Index Modifiers

Version: 0.6/2006-02-16
Status: Pending discussion

Introduction

The final version of the sort proposal for CQL 1.2 uses modifiers that are attached to an index instead of a relation or boolean. This raises the obvious question of whether these should be allowed in the main part of the query. These queries would look like:

 dc.title/mods.alternative any fish
 marc.008/substring="0,6" eq "200776"  
 dc.description/pos.noun any ram

Points of Discussion

Non-proliferation of Indexes

One modifier can replace several indexes by being combined with the base index. For example, we could create a 'role' modifier and qualify the 'dc.creator' index in several ways:

    dc.creator/role=illustrator any name
    dc.creator/role=editor any name
    dc.creator/role=photographer any name
As the role modifier further clarifies the semantics of the creator index, it removes the need to create the indexes:
    foo.illustrator any name
    foo.editor any name
    foo.photographer any name
However indexes are free. There is no limit to the number of indexes that we can support because there is no global pool from which they must all be drawn. This is not the same situation as the BIB1 attribute set where each index consumes a number. There is no real gain, because a new index does not cause a loss.

Ease of Documentation

Instead of having to document new indexes, with index modifiers you can document the modifier and allow them to be applied where appropriate.

However, this appropriateness needs to be documented.

The burden of documentation is not reduced, it is simply moved around. This will create more confusion as the documentation is split up rather than attached to the index.

Dynamic Index Names

We already have the notion of a context set where the documentation does not specify all possible indexes, instead it specifies how those index names can be constructed. The MARC context set is a perfect example.

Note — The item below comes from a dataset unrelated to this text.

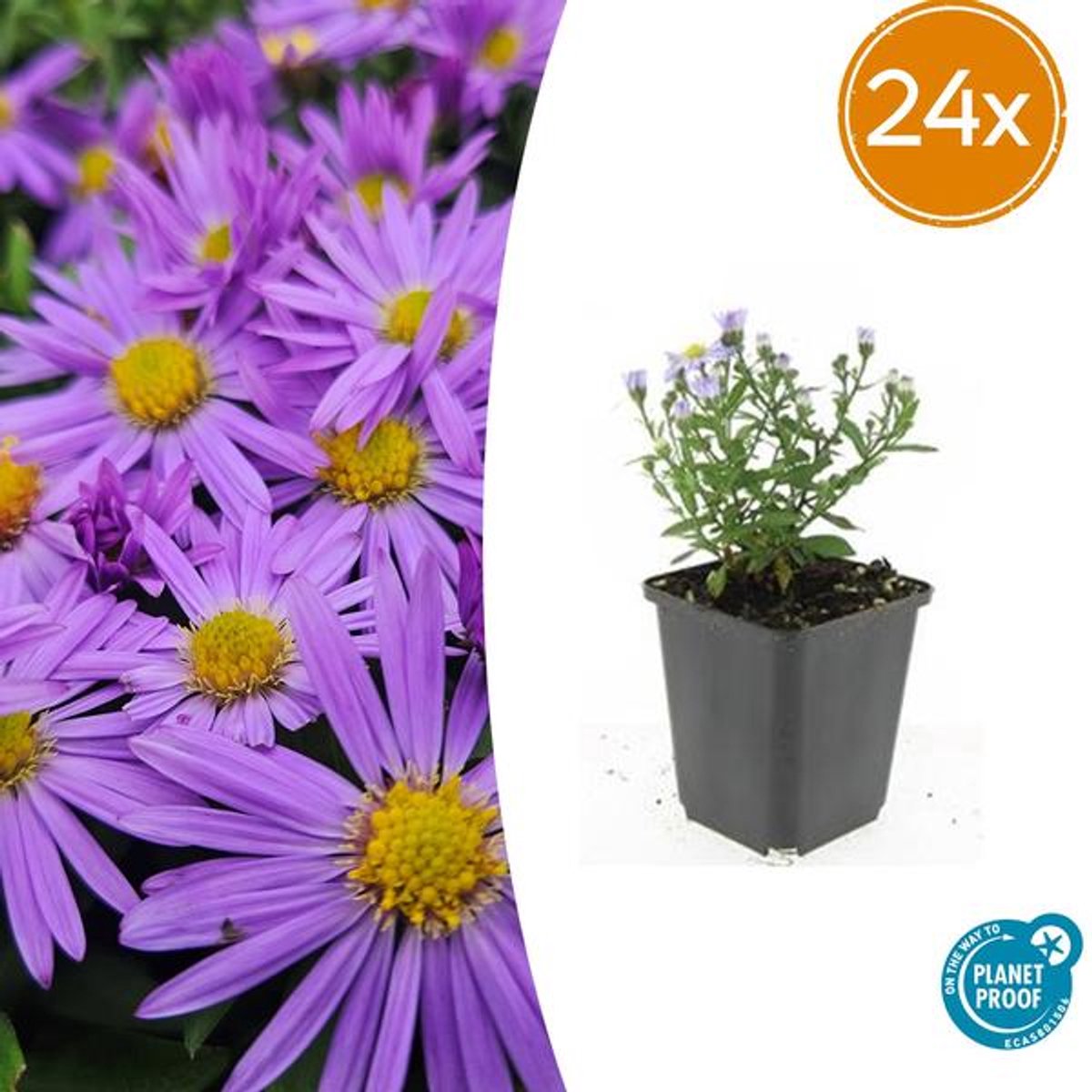 24x Aster (D) 'Prof. Anton Kippenberg' - 10-25cm - Ø9cm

By using this convention, we can have many of the advantages of index modifiers, without the added compexity for developers and users. Instead of

    marc.100/subfield=a
it is easier for everyone to have
    marc.100$a
even if the documentation does not enumerate all the possible field and subfield combinations.

ISO11179

The recommendation on how to construct compound index names using the ISO 11179 conventions is sufficient. During the discussion that lead to the best proactice document, splitting the index up into the 11179 components was discussed but discarded because it was easier to simply concatenate the components together into the index name. It is still easier to do this.

Explain

It is possible to include in ZeeRex that an index supports a relation modifier, and in the same way it would be possible to explain the support for an index modifier. However this stops with only simple modifiers that have just a type, and do not have a comparison symbol or value. For example:

    <index>
      <map><name set="dc">title</name></map>
      <configInfo>
        <supports type="indexModifier">pos.noun</supports>
      </configInfo>
    </index>
Whereas it would not be possible to explain that role=editor was supported.

Because the index name is not sufficient to perform the search, the complexity of transforming an explain document into a search interface is greatly increased. If the modifiers can take context set, or worse index, specific values, this becomes impossible without prior knowledge of the context sets in question. As we cannot know all context sets (they can be created at will, without registration), this is not possible.

Semantic Explicitness

By constraining the semantics of an index, we enable the search to be easily devolved if the more explicit combination is not supported. For example we could search dc.creator if dc.creator/role=illustrator is not supported.

This could not be done by the server without an extension. That extension could also specify in the request which index(es) to 'back off' to. The client could not automatically just repeat the search without the modifier as some modifiers would be critical to the search, for example the substring modifier applied to field 008 in the marc context set. There is not as great a gain here as it appears at first glance.

Implementation

CQL parsers will need to be updated for sort, so they can be updated at the same time to parse modifiers attached to any index, not just those following 'sortBy'. As there is a very limited number of CQL parser implementations (as far as is known) and most of them are developed by the people writing the spec, or are ports of those parsers to other languages, the effort involved will not be significant.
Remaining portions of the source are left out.